Caption-style text data:

- - -

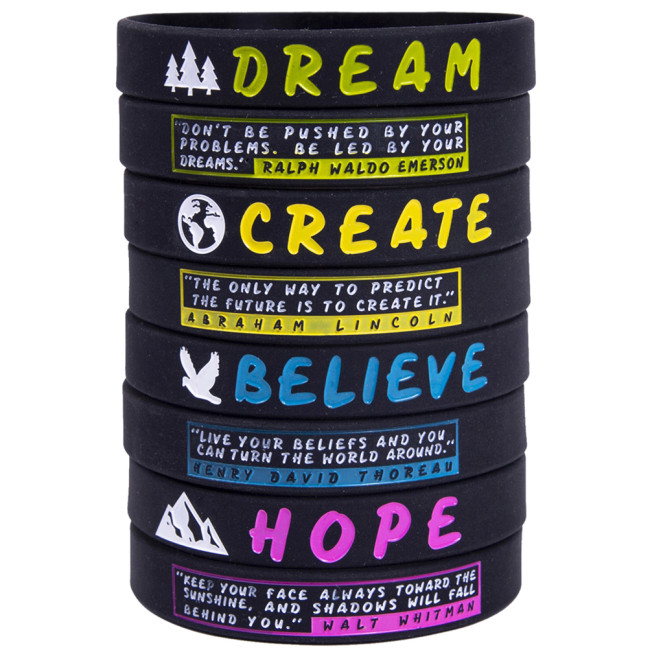 (12-Pack) Dream Believe Hope Create - Motivational Quote Bracelets Silicone Rubber Wristbands Inspirational Gifts and Party Favors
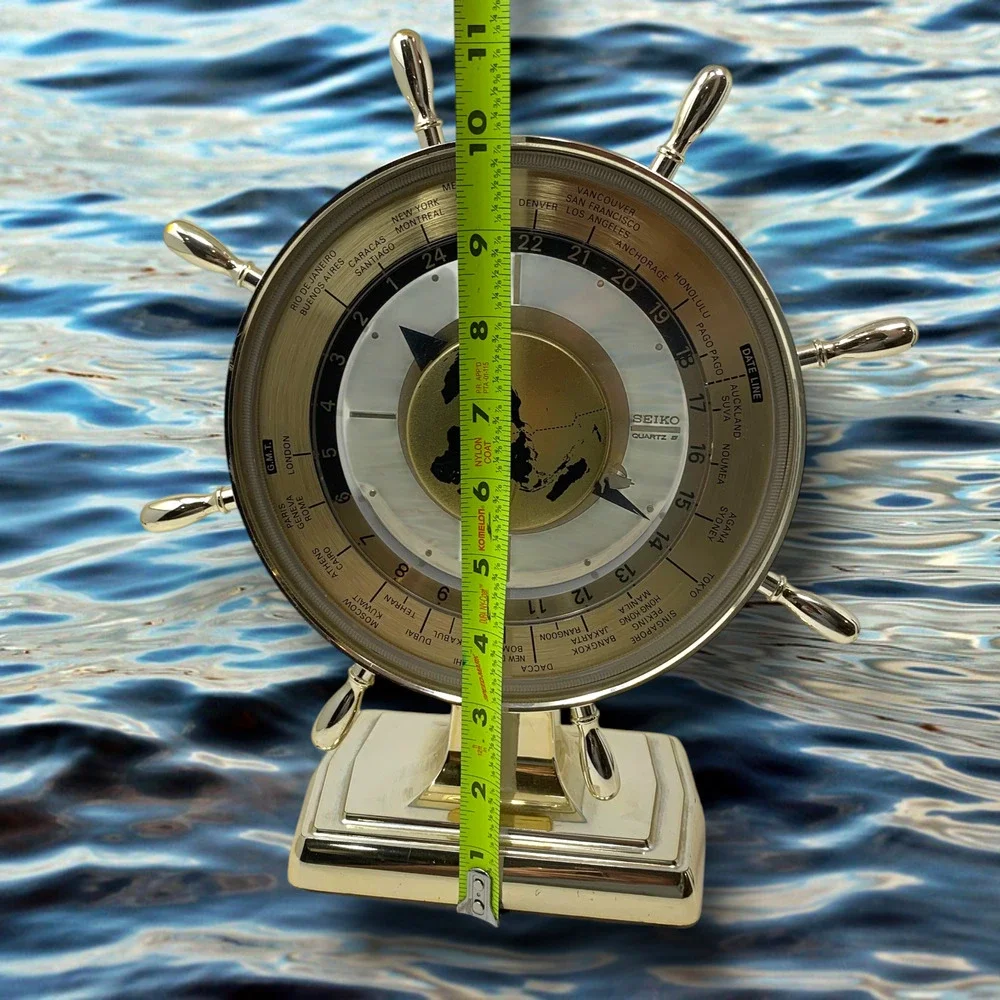 Vtg 1980's Seiko Ship Wheel World Time Clock Quartz Desk Clock Nautical QOZ153G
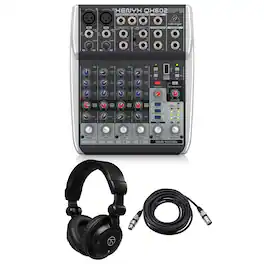 Behringer - XENYX QX602MP3 Premium 6-Input 2-Bus Analog Mixer with Multi-FX and MP3 Player, Bundle with TAPH100 Headphones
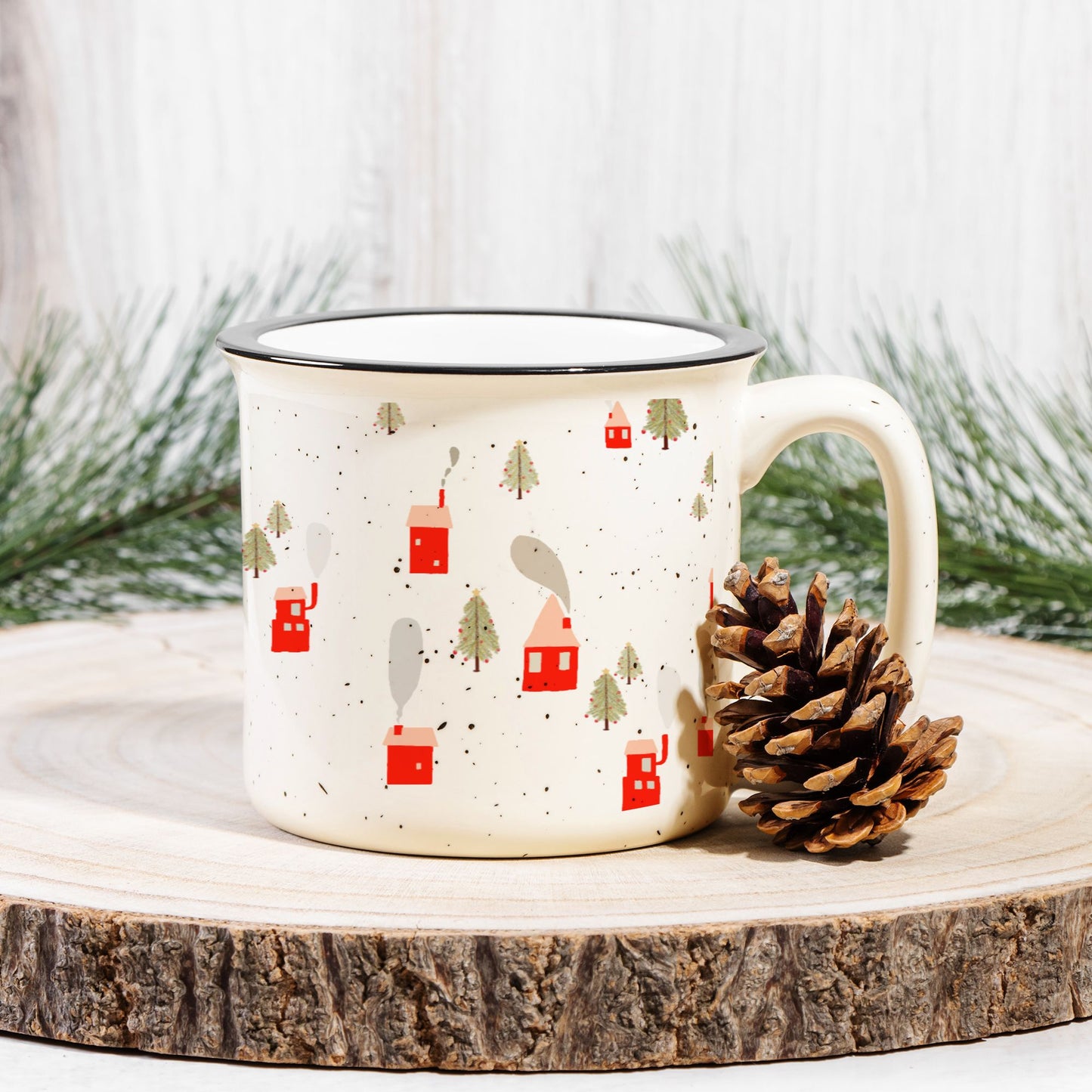 Winter Village Enamel Mug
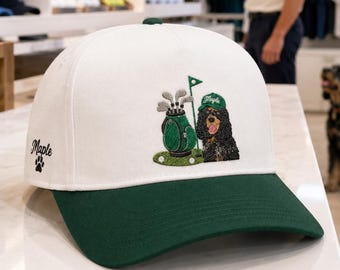 Personalized Embroidered Golf Hat with Pet Portrait - Custom Dog Photo Baseball Hat - Doodle Golf Hat - Custom Labrador Hat
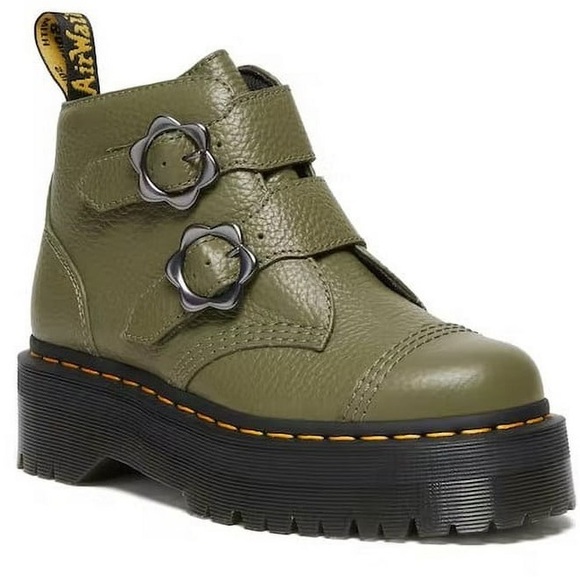 Dr. Martens Shoes - Dr. Martens Women’s Devon Flower Buckle Leather Platform Boots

- - -

Exercise requirements:
For this exercise, set down exactly the lines that run from the line holding "Personalized Embroidered Golf" to the last line of the records above; include both end lines and omit pictures.

Solution for this task:
 Personalized Embroidered Golf Hat with Pet Portrait - Custom Dog Photo Baseball Hat - Doodle Golf Hat - Custom Labrador Hat
 Dr. Martens Shoes - Dr. Martens Women’s Devon Flower Buckle Leather Platform Boots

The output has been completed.